Myślę jednak, że nowy, nie spotykany raczej pomysł inscenizacyjny jest równie ważnym elementem powodzenia sztuki, zaś z pewnością najważniejszym elementem jej wartości artystycznych.
Solidność w teatralnej robocie jest również ogromnie ważna dla widza. Nie ma w tym przedstawieniu fuszerki. Jest przecież prawdziwy sprzęt bokserski, są przeróżne realia zawodowego pięściarstwa, a niektórzy aktorzy przez kilka miesięcy trenowali boks w miejscowej, drugoligowej sekcji. Metalu. Odtwórca głównej roli czynił to z takim zapałem, że musiałem mu dać dożywianie. Zbyt szybko i dużo tracił na wadze.
Mamy na scenie prawdziwych, miejscowych trenerów Wróblewskiego i Lechowicza (na zmianę) -a także najlepszych tarnowskich bokserów Sobańskiego, Madeja i Mrowca, którzy trzykrotnie w tygodniu uczestniczą w spektaklu nie biorąc za to ani grosza. Ponoć w sporcie nie chcą w to uwierzyć! Widzom się podoba gdy widzą na scenie swoich, znanych sobie ludzi. Myślę o wprowadzeniu do sztuki Leszka Drogosza. Jeżeli się zgodzi. Chociaż kilka razy. I bokser to przecież, i aktor zarazem.
Oprawę muzyczną zrobił najlepszy w Polsce kompozytor muzyki teatralnej, Stanisław Radwan z Krakowa, układy ruchowe opracował znany specjalista Waldemar Wilhelm z Łodzi, który także w "Potopie" nad tym czuwał. Scenografia Marii Adamskiej dopełnia całości, która jest chyba wymownym dowodem szacunku dla naszego widza.

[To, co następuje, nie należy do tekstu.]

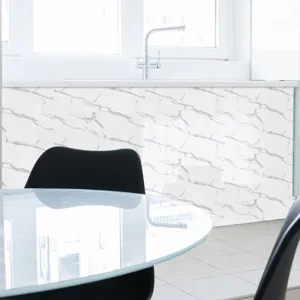 Adhesivo de pared impermeable con diseño de mármol película para decoración cocina.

Dodać tu trzeba, że cały ten wyrównany zespół połknął sportowego bakcyla i gra wręcz brawurowo. Ci sami ludzie, którzy początkowo nie wierzyli nawet czasem w możliwość takiej właśnie realizacji sztuki, dziś przypominają sportowców walczących zapamiętale. Nasuwa się jakieś tam porównanie do naszej piłkarskiej reprezentacji na mistrzostwach świata. Smożewski jak Górski, potrafił przekonać swój zespół, że jest możliwe to, czego dotąd jeszcze nie robili. I że to przyniesie sukces. Tak się też właśnie stało.
Trzeba to koniecznie zobaczyć - wmawia ludziom Smożewski. I ma rację. Oznacza to jednak dalszą podróż. Zbyt rozbudowano to w obsadzie i realiach sztuka, by myśleć o wyjazdowym pokazaniu jej i u nas.
Ale mam pomysł. Dla klubów i organizacji sportowych. Organizuje się teraz różnego rodzaju podsumowania roku. A może by tak zamiast kiepskiej herbaty, słabej kawy czy zeschłych ciasteczek zafundować działaczom wyjazd do Tarnowa?